While the Machines begin their attack on Zion, the a group of hovercraft crews hatch a plan with the Keymaker to get inside the Source. Neo asks Trinity to stay out of the Matrix until he’s accomplished his mission.

Unfortunately, a Machine destroys one of the ships, leaving Trinity with no choice but to enter the Matrix. As she works to give Neo a chance to enter the Source, he, Morpheus, and the Keymaker are stalled by the Agents Smith. They manage to fight their way through, but the Keymaker is killed in the process.

When Neo steps through the door, he’s greeted by the Architect. “Your life is the sum of a remainder of an unbalanced equation inherent to the programming of the Matrix,” the Architect tells him. “You are the eventuality of an anomaly, which, despite my sincerest efforts, I have been unable to eliminate from what is otherwise a harmony of mathematical precision.”

Surrounded by hundreds of screens, each displaying a different version of Neo reacting to these revelations, the Architect goes on to explain that the Neo we know is not the first version of The One, any more than the Matrix is the first version of itself. He also reveals that this isn’t the first time the Machines have attacked Zion: “Rest assured,” the Architect says, “this will be the sixth time we have destroyed it.”

The Architect then presents Neo with a nearly impossible choice: either restart the Matrix and choose a new group of humans with whom to rebuild Zion, or allow the Matrix system to crash, taking with it every human stuck in the simulation. “Coupled with the extermination of Zion,” he explains, this choice “would ultimately result in the extinction of the entire human race.” To complicate the issue further, the Architect shows Neo that Trinity has entered the Matrix and is currently fighting Agent Thompson (Matt McColm) — and she’s quickly approaching the death Neo had foreseen.

This knowledge pushes Neo to open the door to the Matrix, bypassing the Source. He catches Trinity just before she hits the pavement, but not before she’s fatally wounded by an Agent’s bullet. In what appear to be Trinity’s final moments, Neo reaches inside her body — into the code of her Matrix avatar — to remove the bullet and restart her heart.

Aboard the Nebuchadnezzar again, Neo must explain to Morpheus, Trinity, and Link that the Prophecy was not accurate. Zion is still in grave danger. And, with the Machines at their door, so is the Nebuchadnezzar. The crew escape just before the hovercraft is destroyed, but are forced to make their way on foot. Just as they begin to run, Neo realizes he can sense and control the machines, just as he can do with the Agents and other programs inside the Matrix. He stops the Machines in their tracks, but falls comatose from the effort.
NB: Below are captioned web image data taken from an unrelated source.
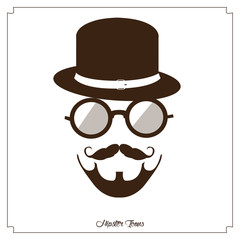 Isolated hipster icon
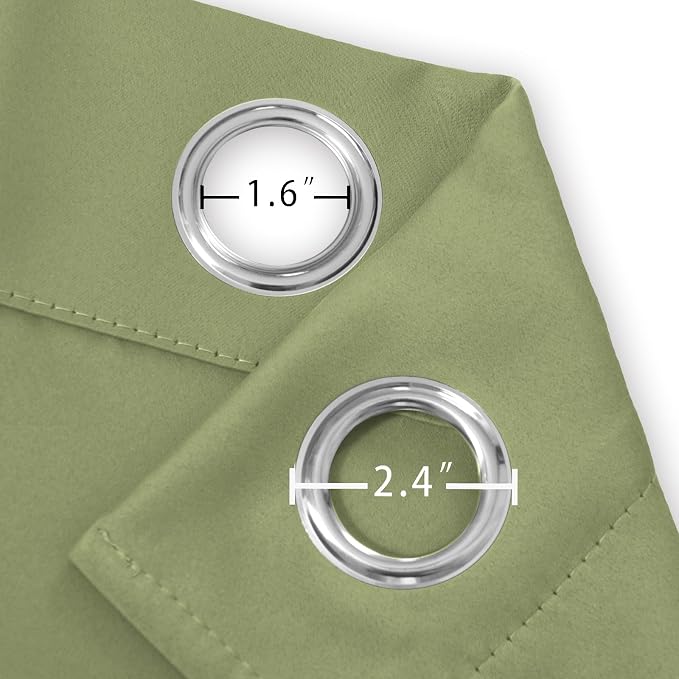 LEMOMO Sage Green Thermal Blackout Curtains/38 x 84 Inch/Set of 2 Panels Room - Image 5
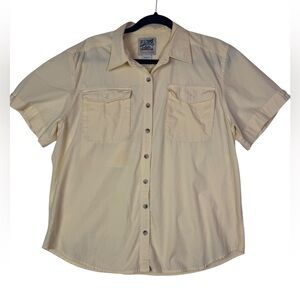 TravelSmith Women’s Button-Up‎ Short Sleeve Shirt Yellow Size L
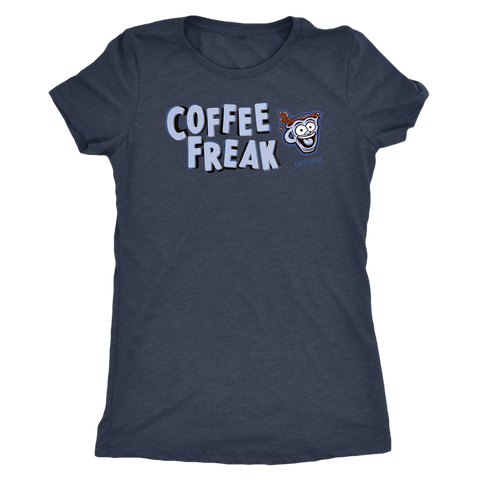 Image of front view of a women's dark grey Caffeiniac COFFEE FREAK t-shirt
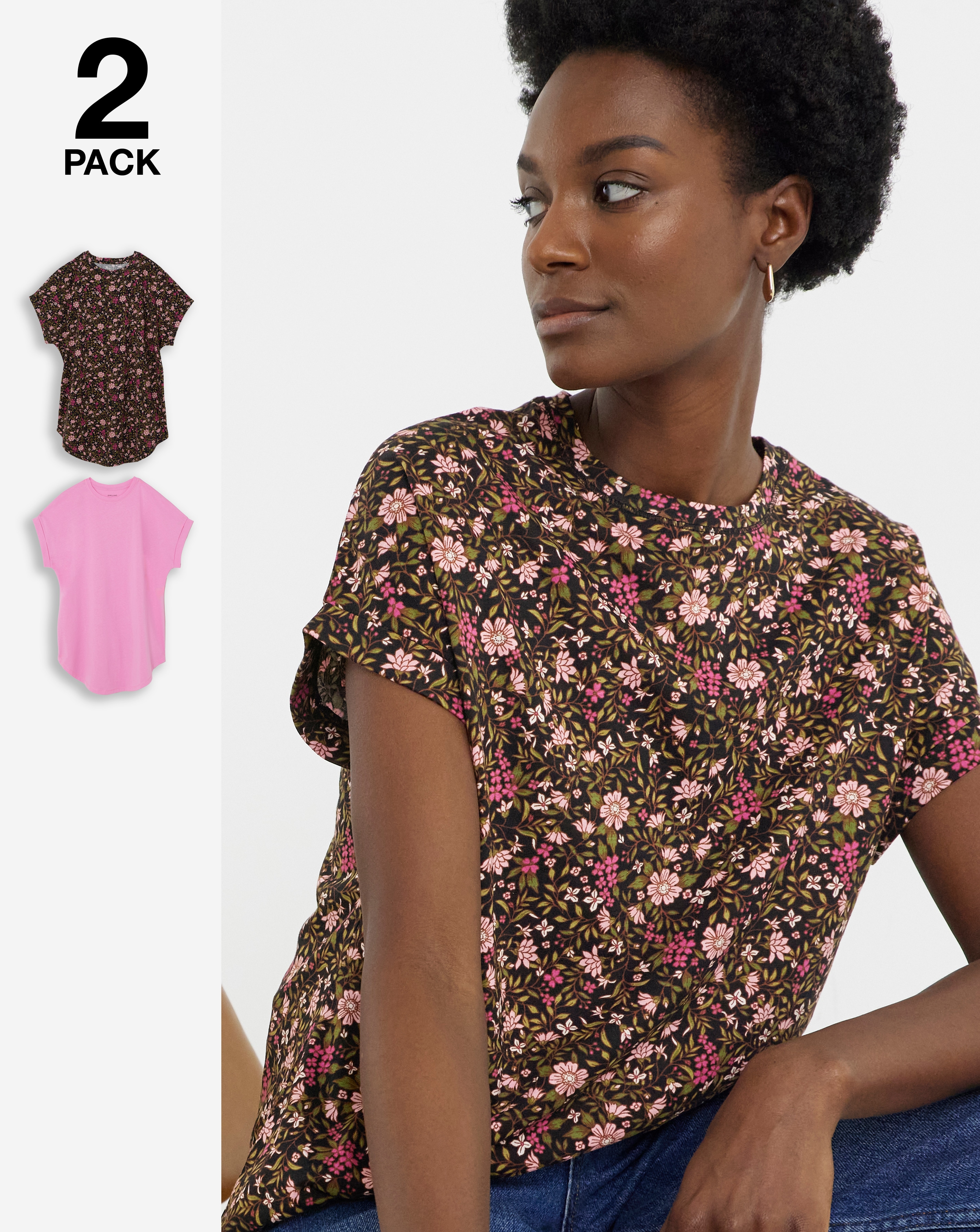 2 Pack Curved Hem Longline top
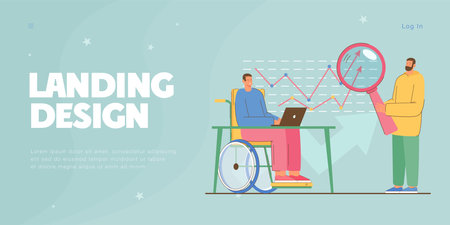 Office worker in wheelchair and income chart going up. Employee with magnifier analyzing statistics flat vector illustration. Finances, investment, success concept for banner, website designのイラスト素材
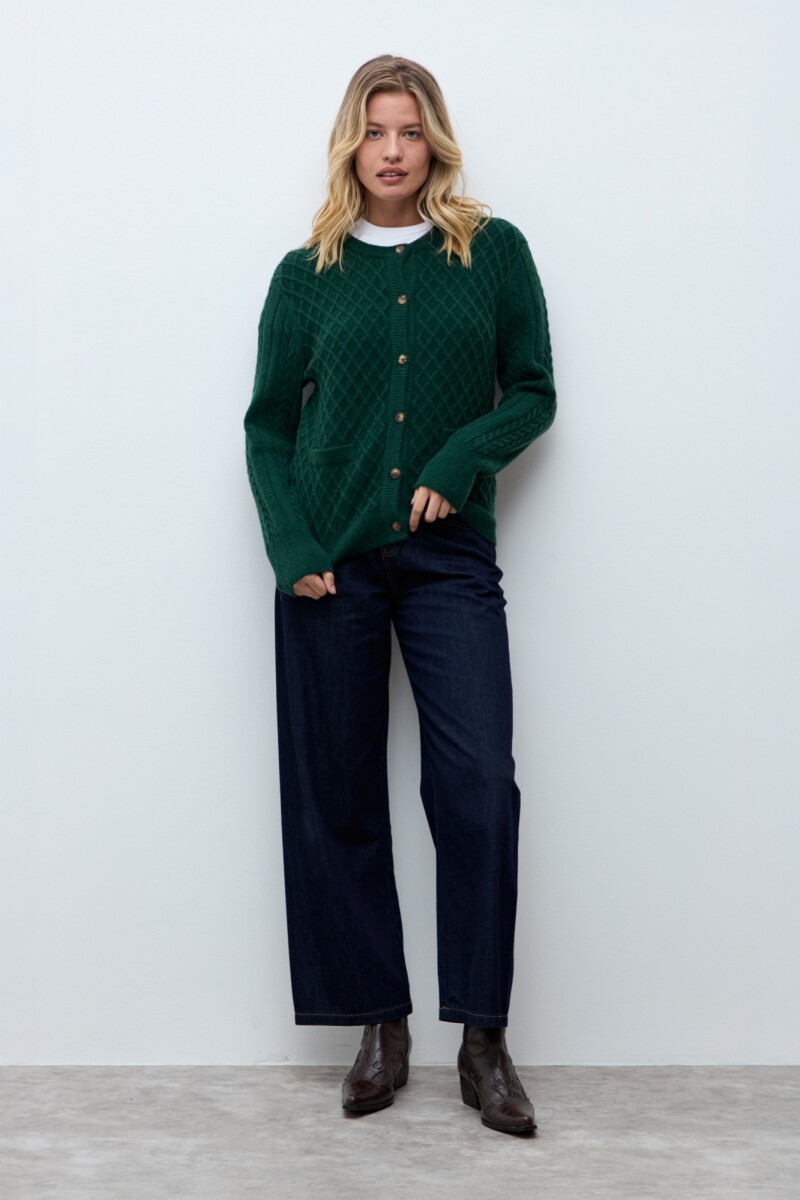 Cardigan estructuras rombos verde ingles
The Nebuchadnezzar crew are picked up by another hovercraft, whose captain explains that their search-and-rescue efforts had turned up only one survivor, someone the Machines were trying very hard to find: Bane.

What Happens In The Matrix Revolutions?

The Matrix Revolutions picks up immediately following the events of the previous film. With less than 24 hours to save Zion, the hovercraft crew looks for Niobe and her ship. Morpheus also asks the crew to search the Matrix repeatedly for any sign of Neo, whose body still lies comatose — but whose brain activity reads as if he’s plugged into the Matrix.
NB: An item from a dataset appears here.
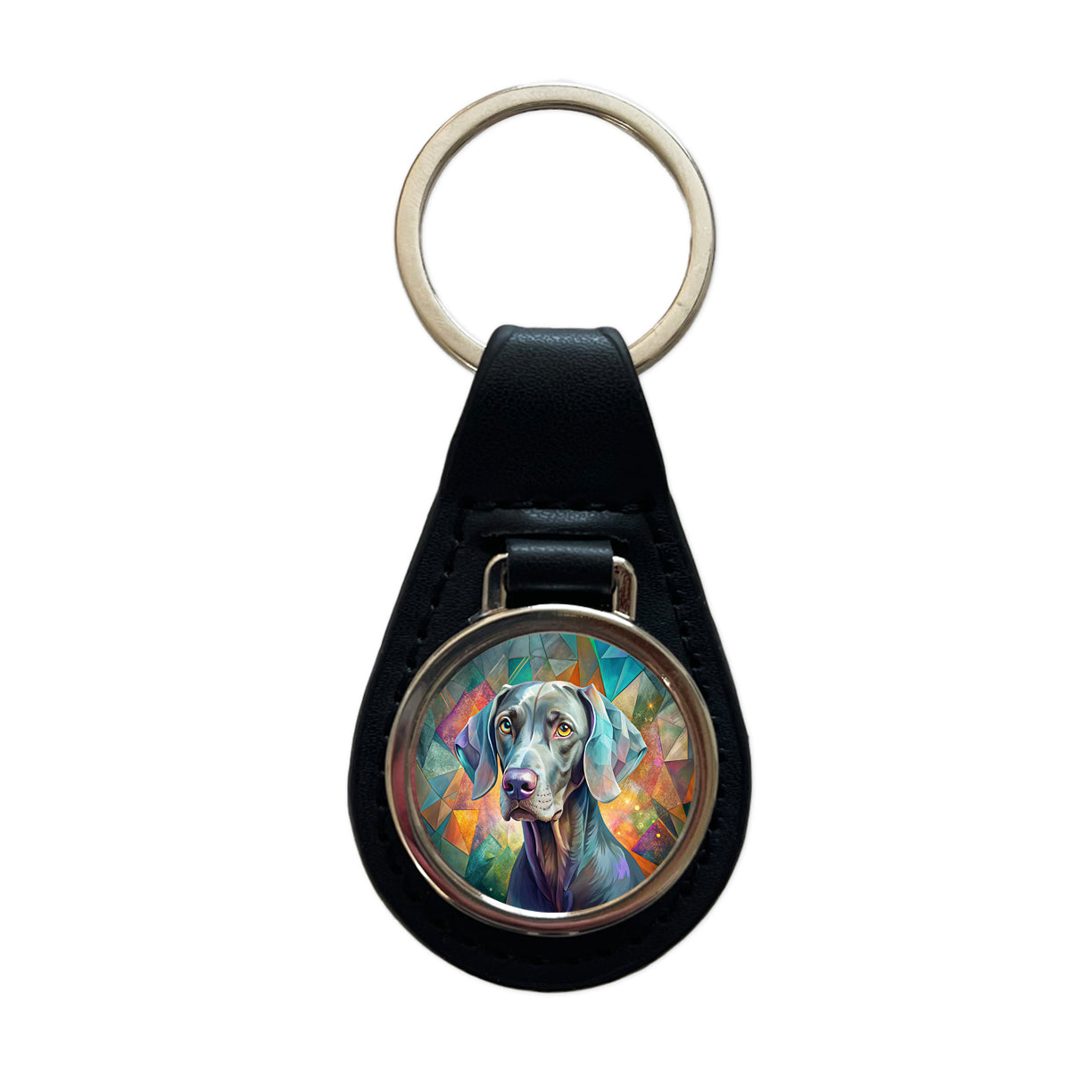 Weimaraner Dog Contemporary Art Black Leather Metal Keychain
And he is, sort of. His mind is trapped inside the Mobil Ave train station, a pocket of liminal space that connects the Matrix with the real world. There, he meets Sati (Tanveer K. Atwal), a childlike program who knows who he is. Sati explains that the train leads to the Matrix, but that Neo will not be able to board it, because the Trainman (Bruce Spence) does not want him to. Essentially, he’s stuck.
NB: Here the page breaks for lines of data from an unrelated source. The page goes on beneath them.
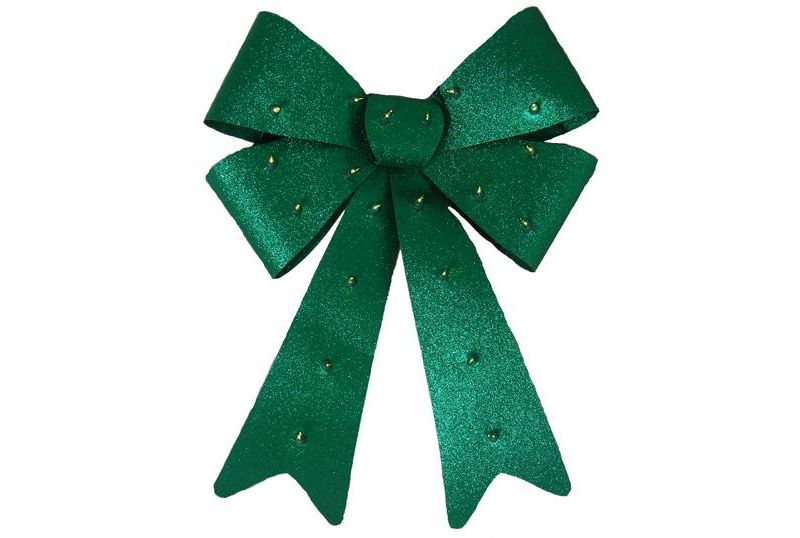 J. Hofert Co 20" x 15" Lighted Glittery Green Christmas Bow Decoration - 20 Green Lights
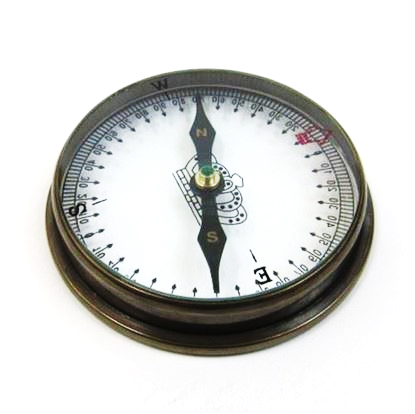 Solid Brass Map Compass - 6cm Diameter Lightweight Design | Includes Magnifying Glass Easy to Handle Nautical Theme for Outdoor Navigation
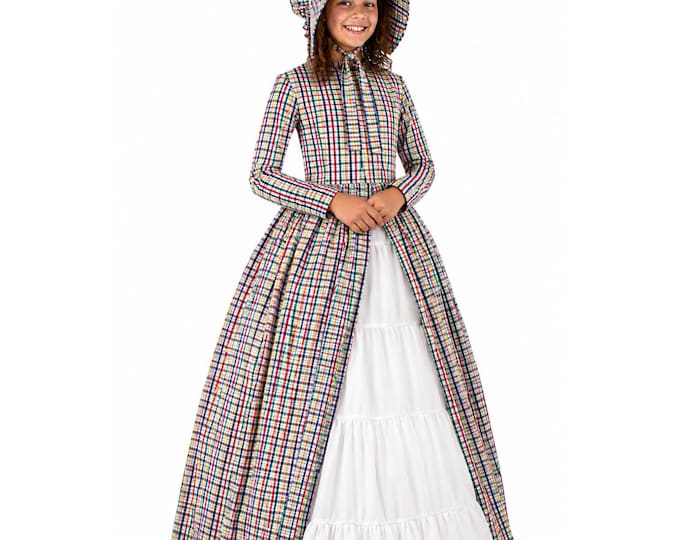Girls Victorian Plaid Dress Costume – Pioneer Prairie Outfit with Bonnet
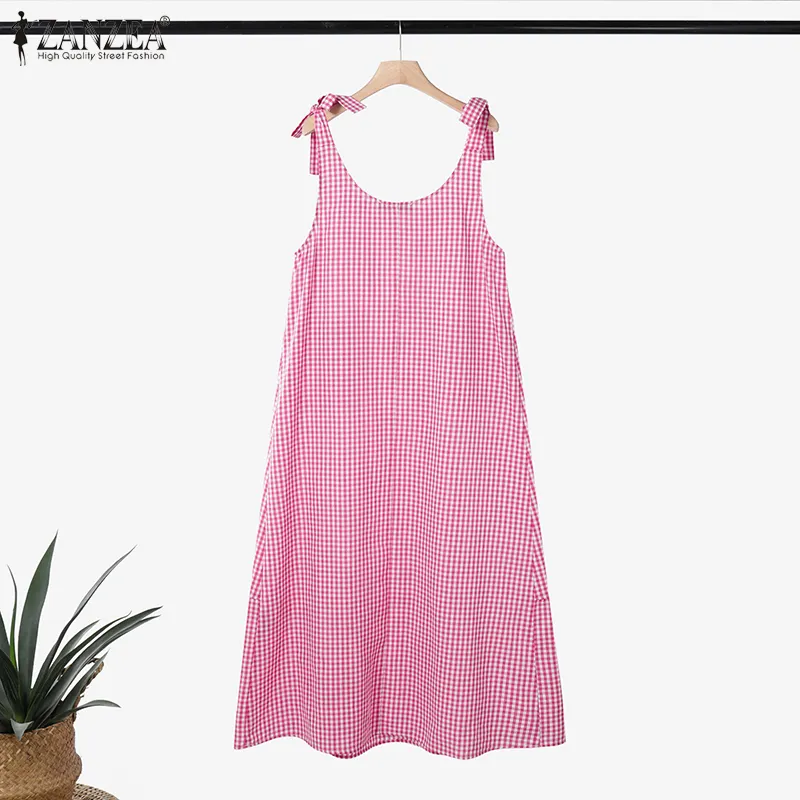 Celmia ZANZEA Muslimah Women Muslim Plaid Check Print Dress U-Neck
Meanwhile, Morpheus is summoned to meet with the Oracle (now portrayed by Mary Alice), who explains Neo’s predicament, as well as the purpose of Mobil Ave — “to smuggle programs in and out of the Matrix.” Additionally, the Oracle reveals that the Trainman works for the Merovingian, who has bounties out on Neo, Morpheus, and Trinity.

Back in the station, Neo sees a familiar face: Rama-Kandra (Bernard White), a program he met at his first meeting with the Merovingian. Rama-Kandra may be a program, but he’s also Sati’s father, for all intents and purposes. He’s waiting for the train to take him, his wife Kamala (Tharini Mudaliar), and their daughter to the Matrix. Rama-Kandra and his wife have made a deal with the Merovingian to protect Sati, a program who would be deleted if she did not flee, because she does not have a purpose.

As Sati predicted, the Trainman prevents Neo from leaving Mobil Ave with her and her family. Instead, Neo’s friends must convince the Merovingian to allow Neo to return to the Matrix. It isn’t easy, but they make it happen, and Neo boards the train to the Matrix.

Shortly thereafter, Neo insists on seeing the Oracle. She calms Neo’s fears by explaining that the Architect is unable to see what might happen when one choice is made over another. Therefore, his predictions about the destruction of the Matrix and Zion were not accurate at all, and now, Neo can only find the answers he seeks by going to the Source — not to the room past the Architect’s, but to the real Source, in Machine City. But he doesn’t have all the time in the world to act: Agent Smith will soon be able to destroy the Matrix, Neo will need to act quickly to stop him.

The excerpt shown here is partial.